(Stored data)
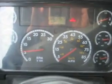Here's the evidence of all the gauges working. Zeroing in on the odometer, we have 786,175 miles. And there's the evidence of the alternator charging just fine at 14.1 volts.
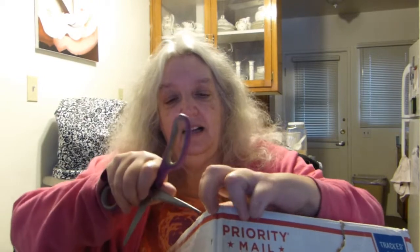Nice big box. Now some of you may know, if you follow Linda's channel, I sent her an afghan. I think she got it on Saturday.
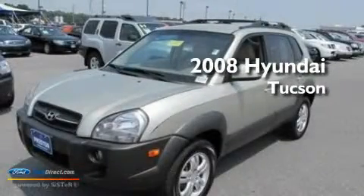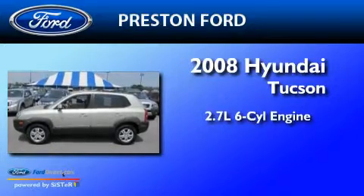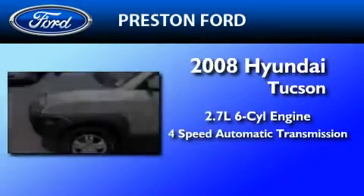This is a 2008 Hyundai Tucson. It features a 2.7-liter, six-cylinder engine, a four-speed automatic transmission, and four-wheel drive.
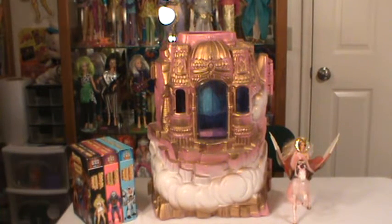Hey everybody, AZ 80s girl back with you, and I'm continuing my She-Ra collection. Sorry, it's taking me a while to post more videos, just a lot going on.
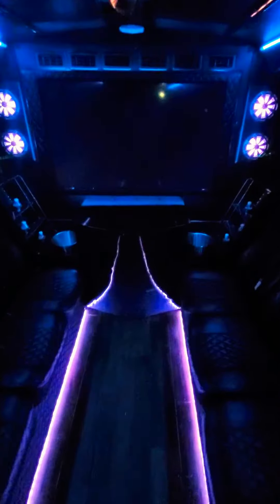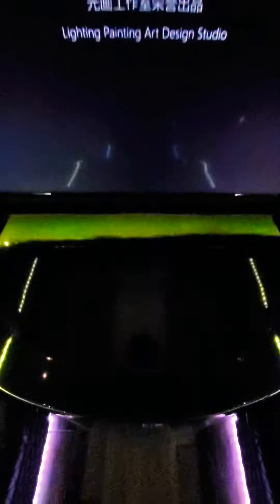Rear facing seats here as well. Walking on down what we call the party zone. Got ten individual seats facing each other.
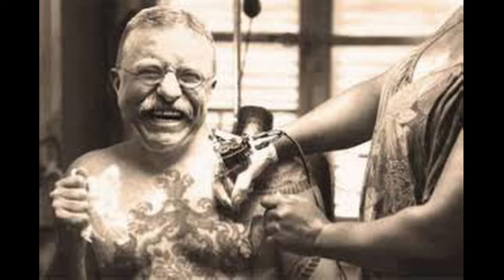Some interesting people actually had tattoos that you might not have expected. Andrew Jackson had tattoos, and Theodore Roosevelt — it is rumored that he had tattoos. This picture is photoshopped, but the rumor is so widespread that most people just believe it to be true.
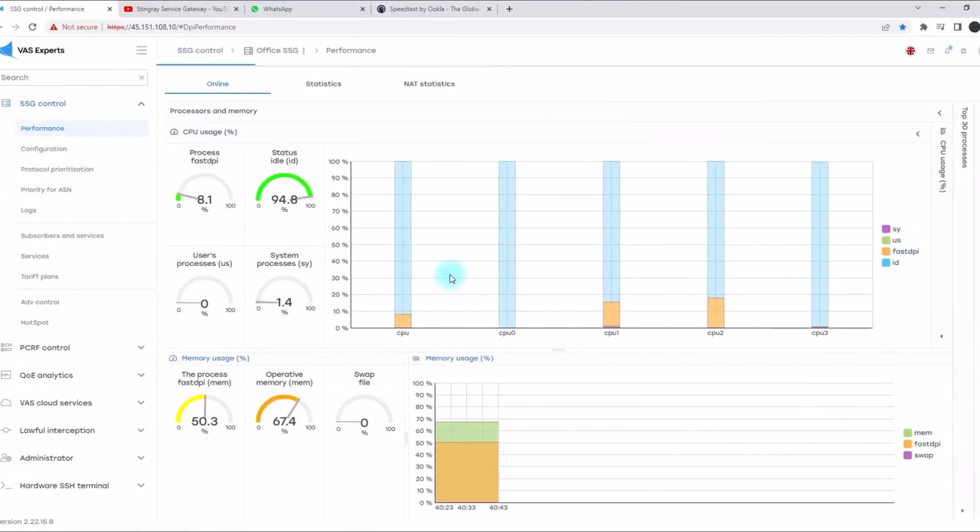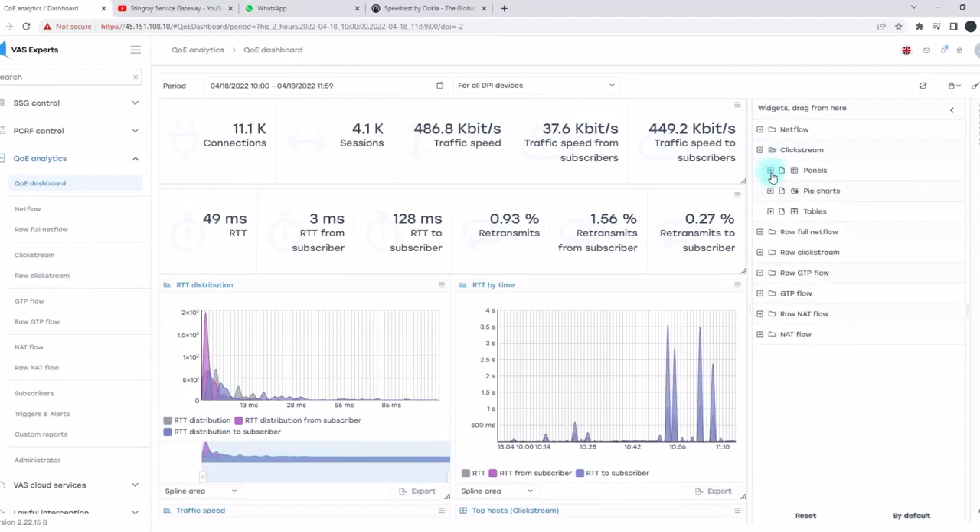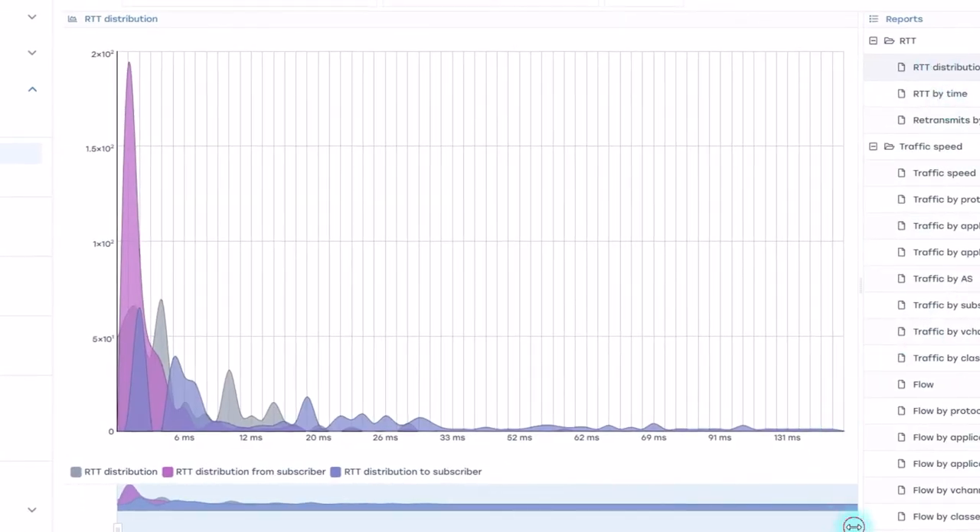Hi, my name is Dmitry and I'm the partnership manager at Vasexperts. Our team has developed the Stingray Service Gateway, a software platform that combines multiple convenient tools to help internet service providers create next-generation quality communications and increase the profitability of their business.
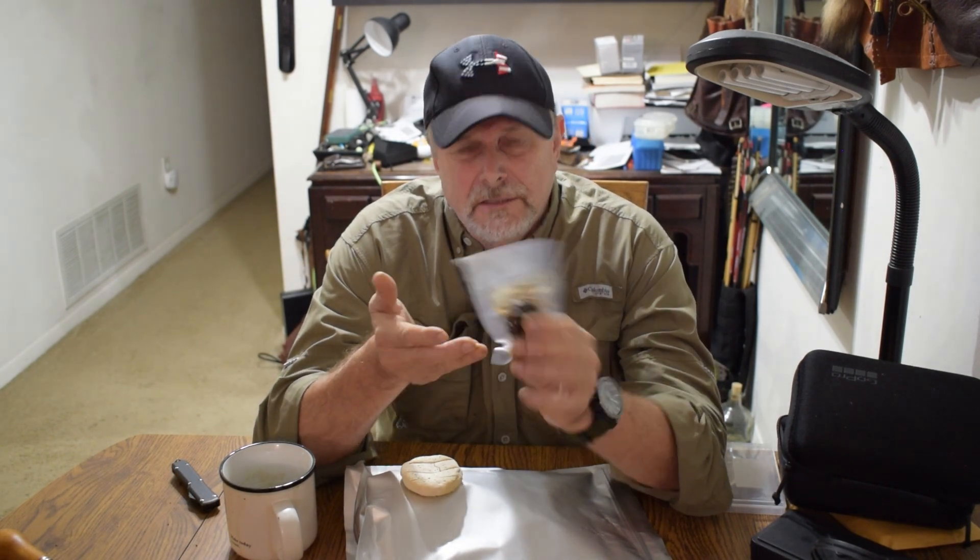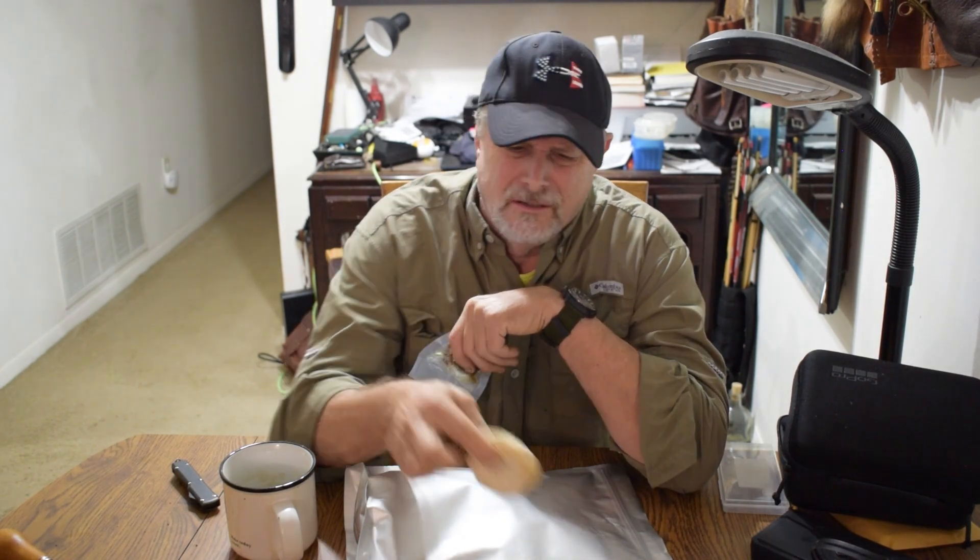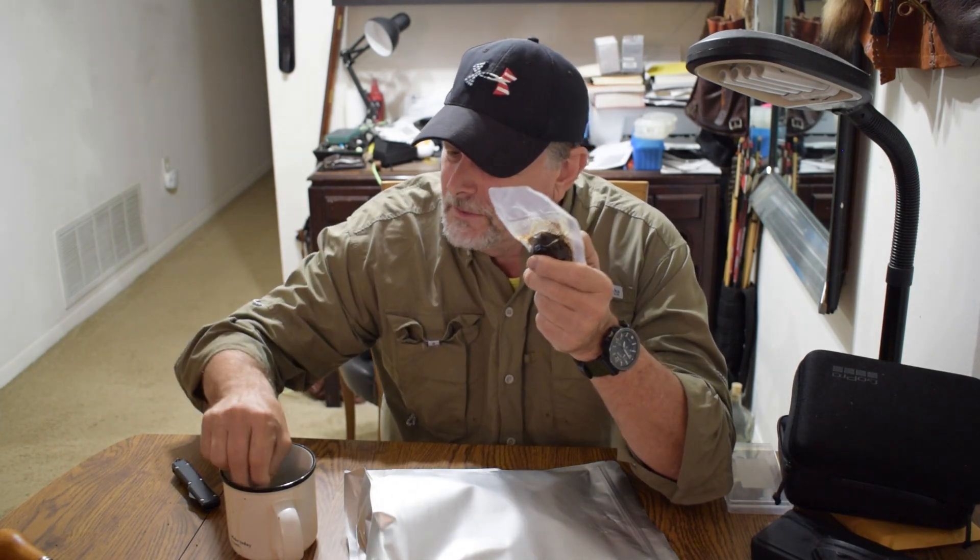This pemmican is three years old, almost today. So is it rancid? Let's find out. This hardtack was made at the same time. We'll put it in some coffee. Now let's open this pemmican.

• [ASSIGNMENT] Text only, no pictures: copy every entry exactly.

• [ANSWER SECTION]
Here's the evidence of all the gauges working. Zeroing in on the odometer, we have 786,175 miles. And there's the evidence of the alternator charging just fine at 14.1 volts.
Nice big box. Now some of you may know, if you follow Linda's channel, I sent her an afghan. I think she got it on Saturday.
This is a 2008 Hyundai Tucson. It features a 2.7-liter, six-cylinder engine, a four-speed automatic transmission, and four-wheel drive.
Hey everybody, AZ 80s girl back with you, and I'm continuing my She-Ra collection. Sorry, it's taking me a while to post more videos, just a lot going on.
Rear facing seats here as well. Walking on down what we call the party zone. Got ten individual seats facing each other.
Some interesting people actually had tattoos that you might not have expected. Andrew Jackson had tattoos, and Theodore Roosevelt — it is rumored that he had tattoos. This picture is photoshopped, but the rumor is so widespread that most people just believe it to be true.
Hi, my name is Dmitry and I'm the partnership manager at Vasexperts. Our team has developed the Stingray Service Gateway, a software platform that combines multiple convenient tools to help internet service providers create next-generation quality communications and increase the profitability of their business.
This pemmican is three years old, almost today. So is it rancid? Let's find out. This hardtack was made at the same time. We'll put it in some coffee. Now let's open this pemmican.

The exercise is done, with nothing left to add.